Editor’s note: Leeza Slessareva is a statistician based in Mountain View, Calif.

Statistical testing is a standard practice in market research, with statistically significant findings routinely used to draw conclusions and guide business decisions. However, not all statistically significant results are meaningful. Statistical significance is guaranteed, given a large enough sample. Statistical non-significance does not necessarily mean “unimportant” as it may be an artifact of the small sample size. Thus, exclusive focus on statistical testing can lead to incorrect conclusions and poorly-informed business decisions.

As an illustration consider two companies that are testing if consumers’ interest in a new product is different across geographic regions.
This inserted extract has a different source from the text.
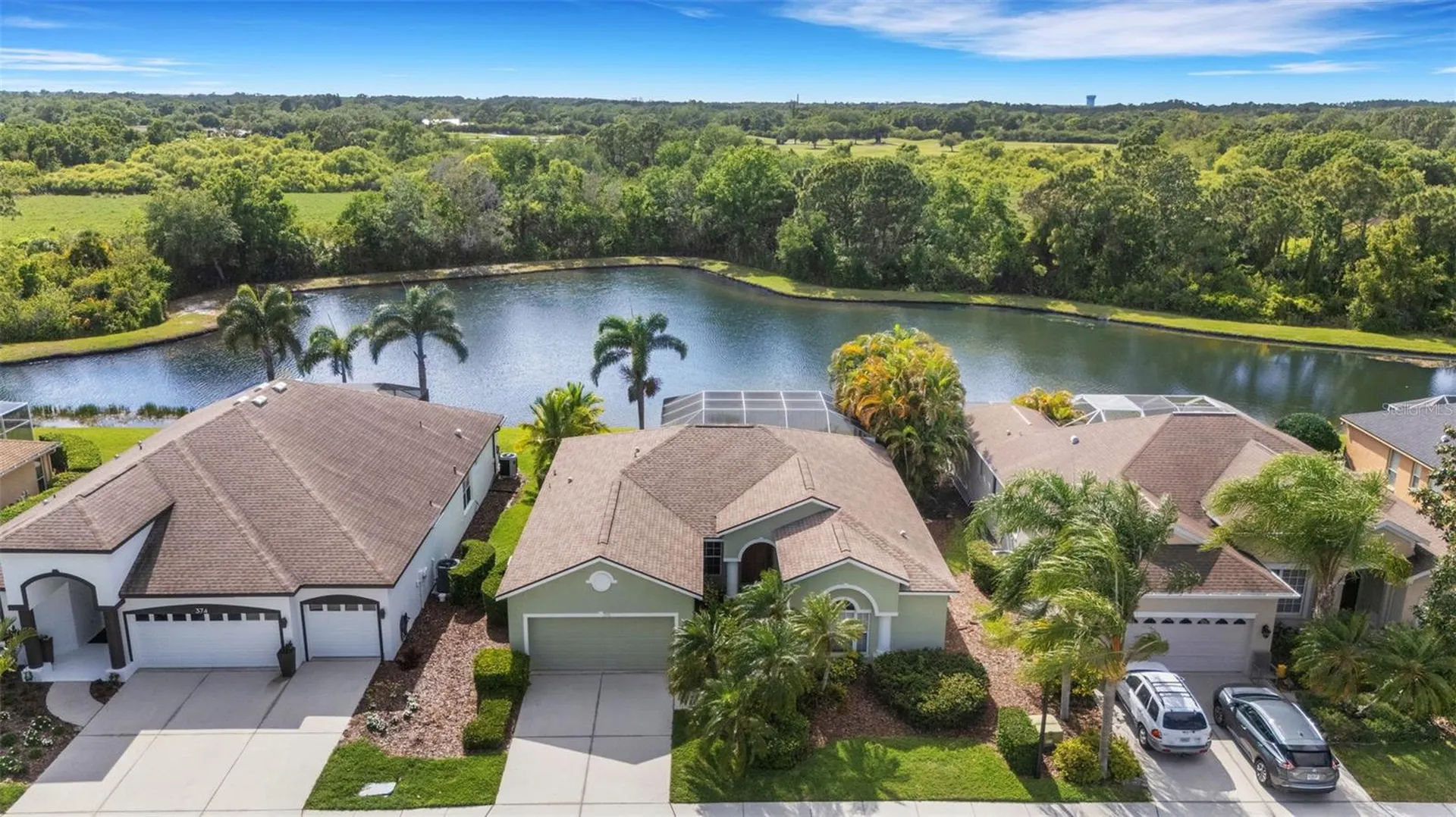 378 Londonderry Drive Sarasota FL 34240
Company A has ample funding and is able to conduct a large-scale study. Company B has very limited funding and thus conducts a similar yet small-scale study. As a result, Company A obtains statistically significant differences across regions, while Company B does not. Based on the statistically significant findings, Company A concludes that there are important differences in consumer interest and develops and launches regionally-specific products accordingly. Company B, on the other hand, concludes that there are no important regional variations in interest and launches the same product across regions.

Which company has made the right business decision? Unfortunately, statistical testing alone does not provide us the answer. What is needed is a way of knowing if the differences both companies found across regions are important and meaningful to business (and not just statistically significant). This is where the concepts of effect size and power are vital.
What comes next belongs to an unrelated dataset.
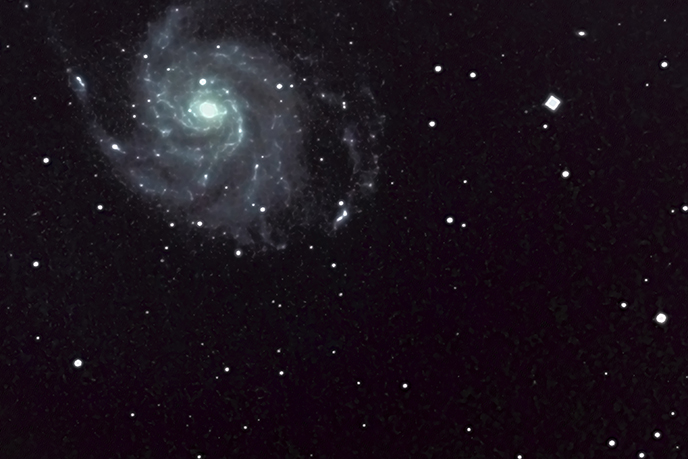 NGC5447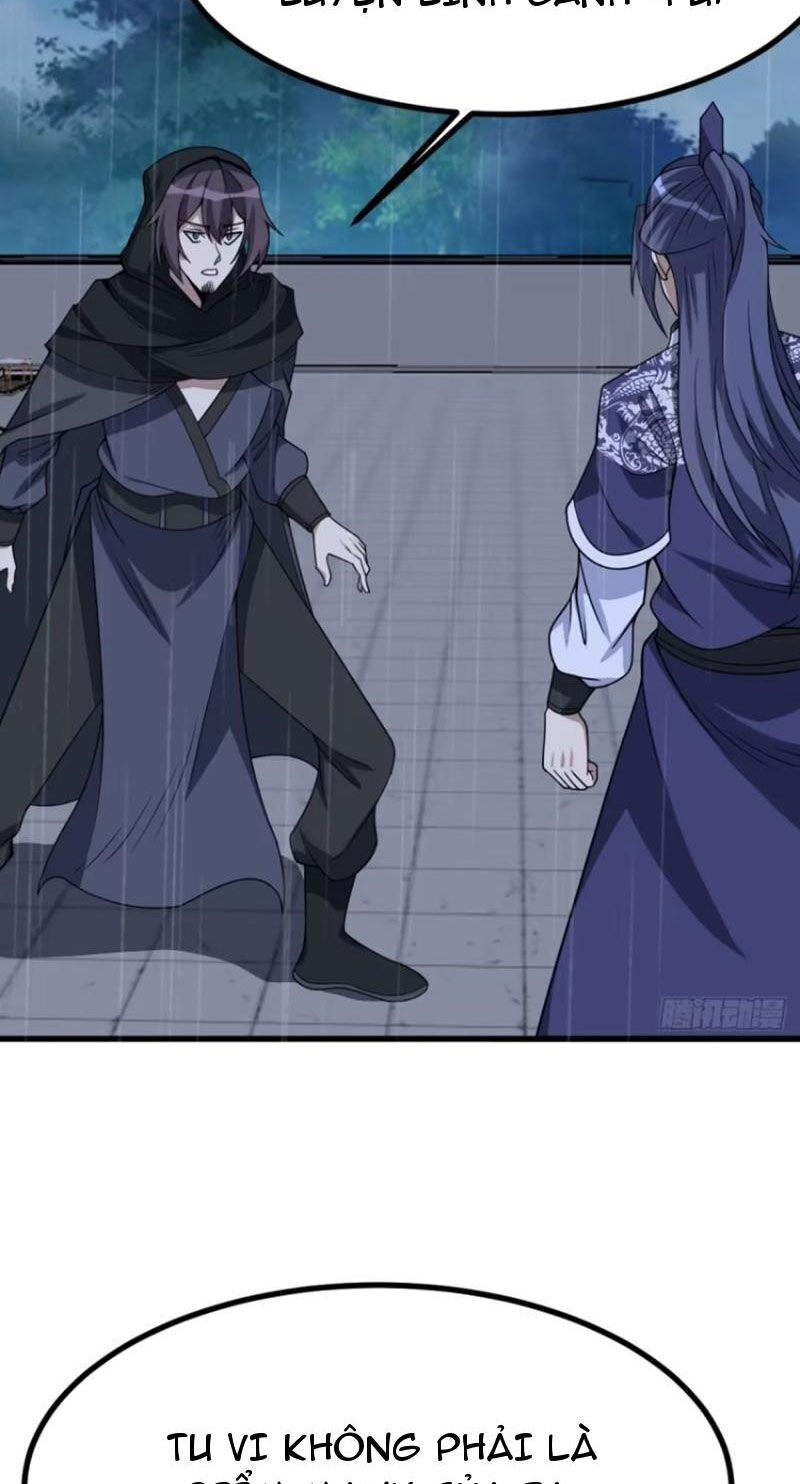 Ta Có Một Thân Kỹ Năng Bị Động Chapter 69 - 27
Magnitude of the difference

The effect size provides information on the magnitude of the difference between conditions. One straightforward way of obtaining an effect size is to compare the average of one condition to the average of another condition. For example, the implications are clear when we know that one advertisement results on average in 10 percent more sales than the other advertisement. However, the interpretation of the results is not always so straightforward. Consider a study with the goal of comparing how two products are liked by consumers. The study uses a 10-point scale, where 0 indicates extreme disliking and 10 indicates extreme liking. The results from the study show that one product is rated on average a 6 and the other product is rated on average a 7. Is this one-point difference in liking between the two products small or large and what is the impact of this difference on business?

Effect size indices go beyond comparing averages of different conditions. Many effect sizes are not dependent on a scale used in a study and thus results across studies using different scales can be compared. Effect sizes can usually be expressed in percentages from 0 percent to 100 percent, with larger values indicating a more robust difference that is likely to have a substantial impact on business. Past research as well as linking effect size information with financial info (e.g., sales) will allow you to determine what effect size can be expected and the impact it will have on business.

Power is important

The focus of studies is usually on finding a significant difference, yet power is usually not considered. Power is very important as it is an indication of the probability of a study detecting a significant difference between conditions when the difference actually exists. Incorrectly concluding that different conditions (e.g., advertisements, products, regions) produce similar outcomes can be costly for business. Power ranges from 0 to 1, with values close to 1 indicating stronger power. Power is directly related to sample size, with larger sample size leading to higher power. As a rule of thumb, it is advisable to have power of at least .80 to .90. Power over .90 is not necessary for most research.

The desired level of power and what constitutes a meaningful effect size should be agreed upon prior to any study as these two pieces of information determine the sample size needed for the study. Once the study is completed, effect size and power need to be calculated to validate a priori assumptions about power and effect size. Statistical packages make such computations available with the click of a button.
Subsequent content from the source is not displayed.